» **Your task**
Copy verbatim the span of lines beginning at the line that contains "Incredibles/Heart & Soul" and ending with the final line of the data. Exclude pictures from the copy.

» **Dataset entries**

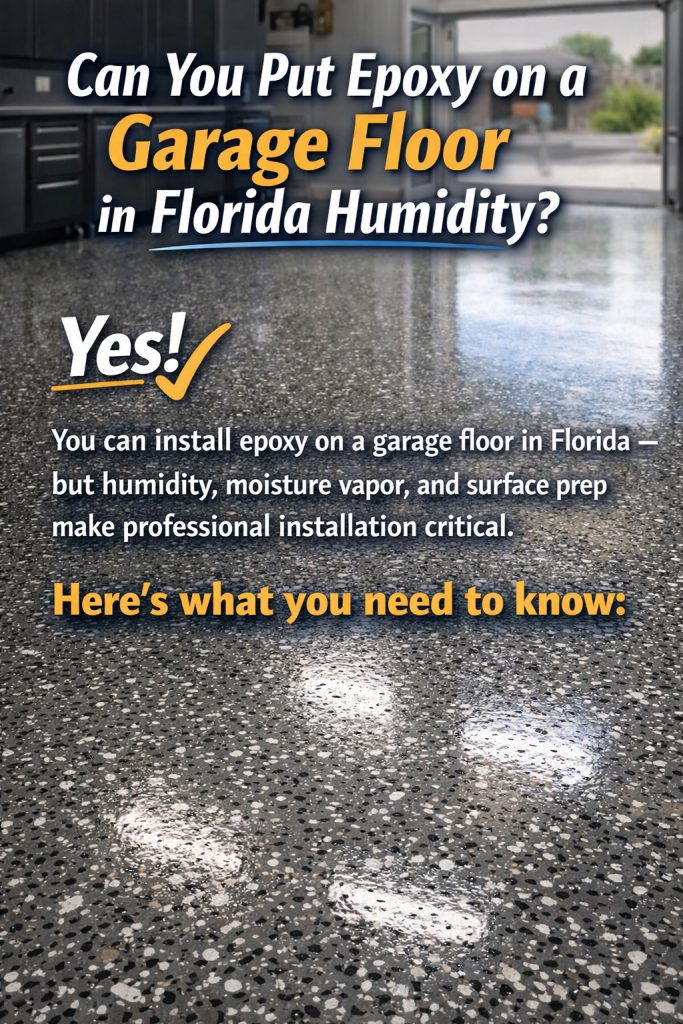 epoxy garage floor Florida humidity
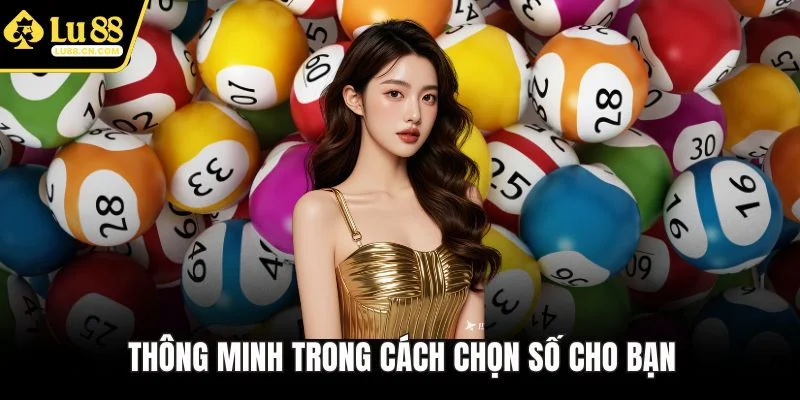 Thông minh trong cách chọn số cho bạn Thông minh trong cách chọn số cho bạn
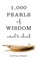1000 Pearls of Wisdom-Natural and Cultured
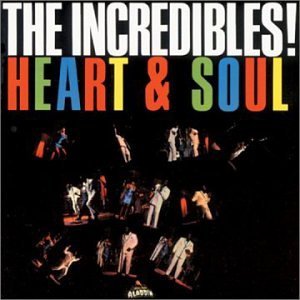 Incredibles/Heart & Soul
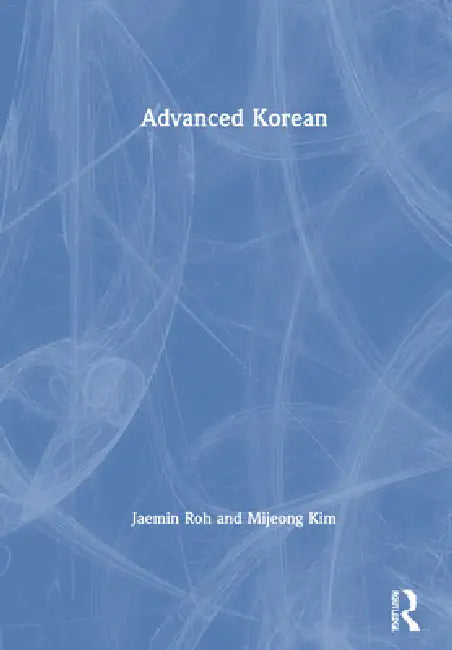 Advanced Korean (English, Jaemin Roh | Mijeong Mimi Kim)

» **Written response**
 Incredibles/Heart & Soul
 Advanced Korean (English, Jaemin Roh | Mijeong Mimi Kim)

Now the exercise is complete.